Source material:
────

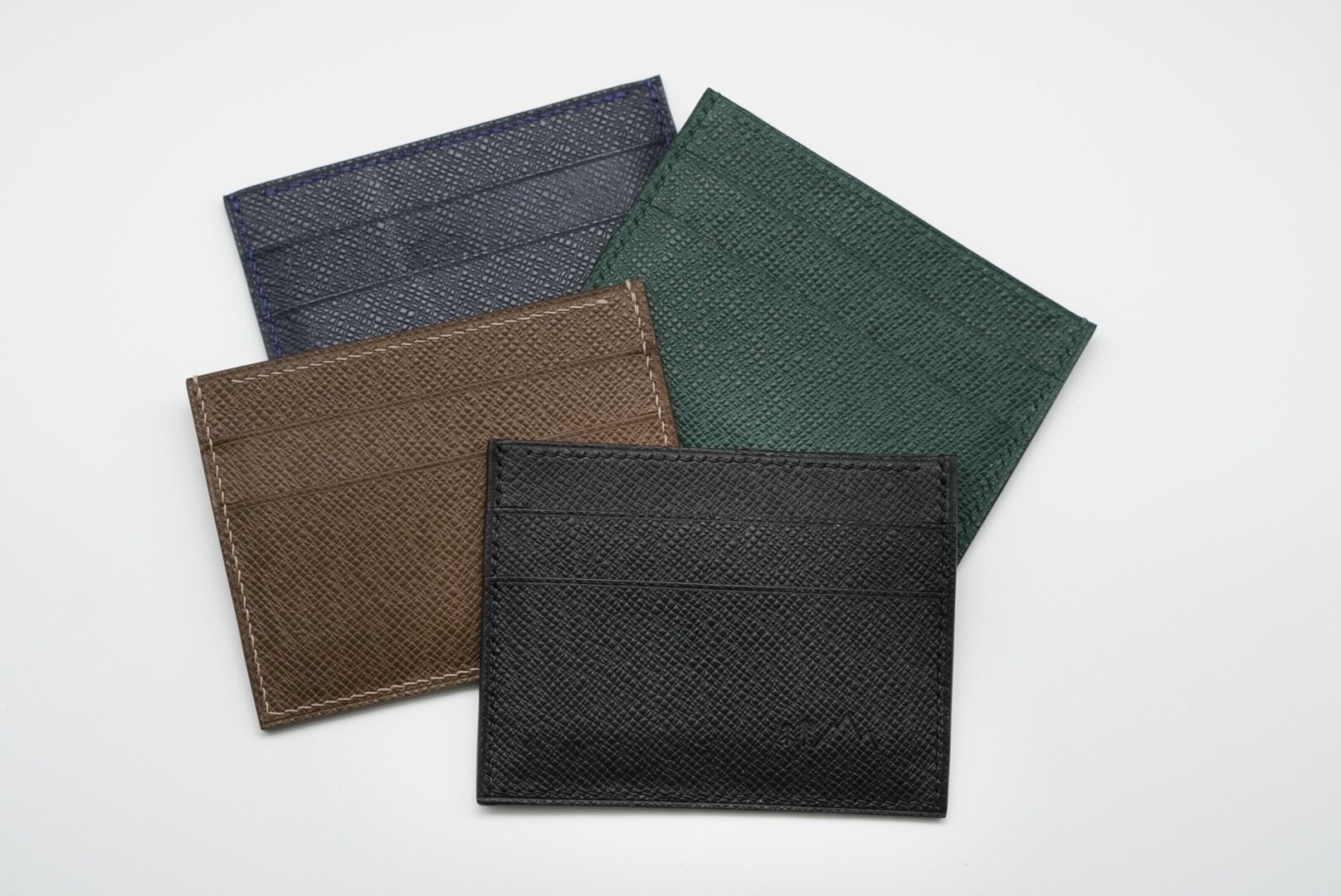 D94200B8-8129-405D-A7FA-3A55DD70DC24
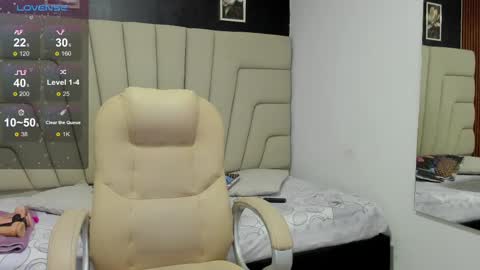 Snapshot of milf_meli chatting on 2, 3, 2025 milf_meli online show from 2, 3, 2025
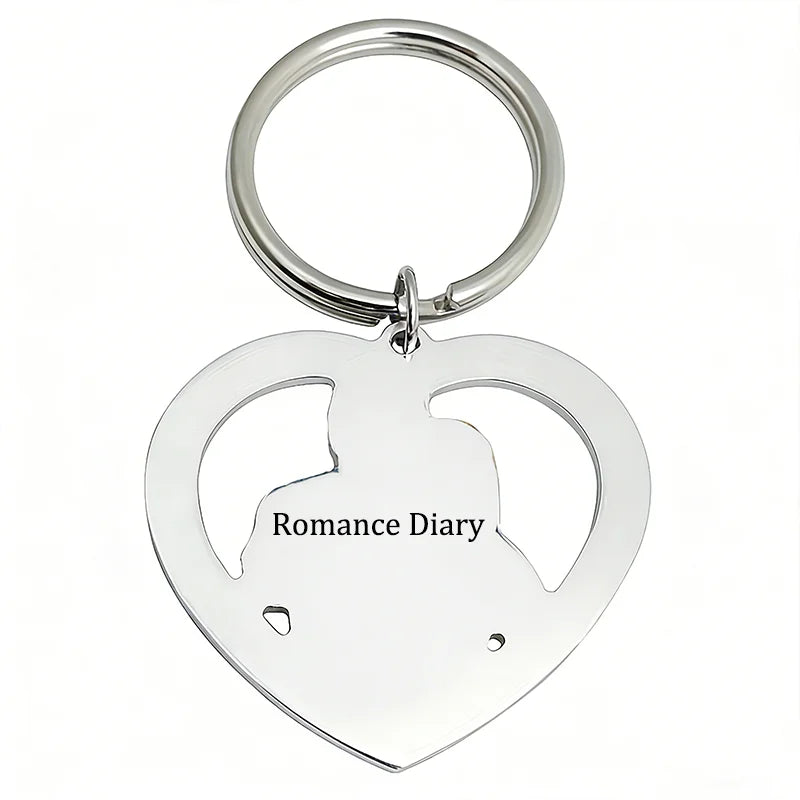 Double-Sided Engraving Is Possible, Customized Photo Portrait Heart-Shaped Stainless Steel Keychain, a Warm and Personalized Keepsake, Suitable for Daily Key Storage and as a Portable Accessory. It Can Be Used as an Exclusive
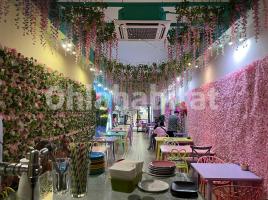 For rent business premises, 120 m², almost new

────

Problem: Extract the lines beginning with the one that contains "Double-Sided Engraving Is" and ending with the last line of the listing. Keep them exact and drop the pictures.

Answer to the exercise:
 Double-Sided Engraving Is Possible, Customized Photo Portrait Heart-Shaped Stainless Steel Keychain, a Warm and Personalized Keepsake, Suitable for Daily Key Storage and as a Portable Accessory. It Can Be Used as an Exclusive
 For rent business premises, 120 m², almost new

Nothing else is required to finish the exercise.